A SIMPLE IOT PROJECT WITH THE ESP8266 WIFI MODULE
NOTE
This is one of my older ESP8266 articles. Please check out my more recent ESP8266 projects below:
THE ESP8266 WIFI MODULE
The ESP8266 is a WiFi module that costs less than 5 USD. This makes putting your sensors on the net actually feasible. (Hooking up the $75 Arduino Yun to each of your sensors - not no feasible.) There’s a lot of excitement about this sensor on the Internet currently, and people have done an amazing job deciphering the obscure command structure of this device that comes from China.

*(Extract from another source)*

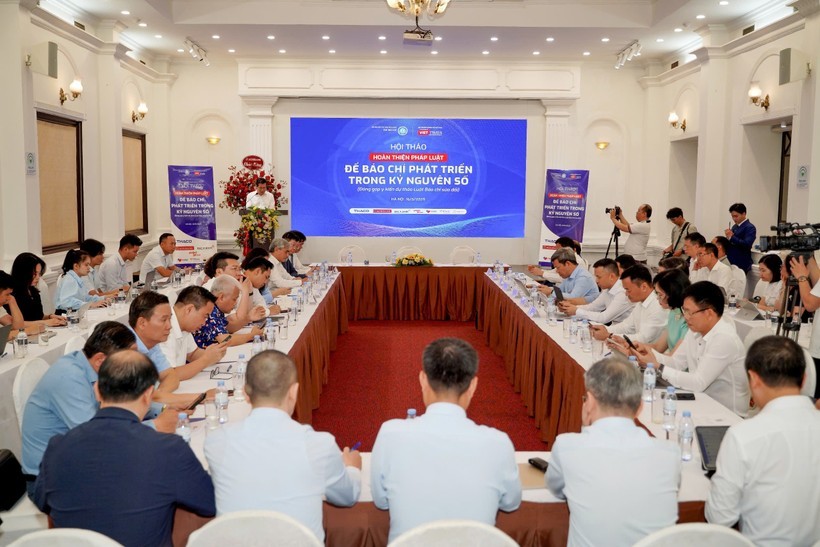 Toàn cảnh Hội thảo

There seems to be three ways of using this module, in order of increasing complexity:
- Sending it AT commands from a computer via an USB to serial adapter. This is mostly useful for testing and setup.
- Interfacing with an Arduino or any other microcontoller and using this board as a peripheral.
- Programming the module directly and use its GPIO pins to talk to your sensors, eliminating the need for a second controller.
I’ve explored options #1 and #2 above, and that’s what I’ll be talking about here. If you are new to this whole thing, I recommend that you watch this video from Great Scott Labs first.
SETTING UP THE ESP8266
The first thing you want to do with ESP8266 (as with any aliens) is to establish communication. For this, you hook up a USB to TTL adapter to the module, and talk to it using a serial port terminal application like CoolTerm. One thing to be careful about when you hook up this module is to remember that this module operates at 3.3 V - even the serial lines should not exceed this voltage. So here is how I hooked up my ESP8266:
In the above circuit, you can see that I used a 3.3 V regulator to power the board, and a resistor dividor on the RX line to keep the voltages on spec. The sessions below use CoolTerm. My board worked with a baud rate of 9600, since its firmware was already upgraded to 0.9.2.2. You may need to try other baud rates - 115200, for instance.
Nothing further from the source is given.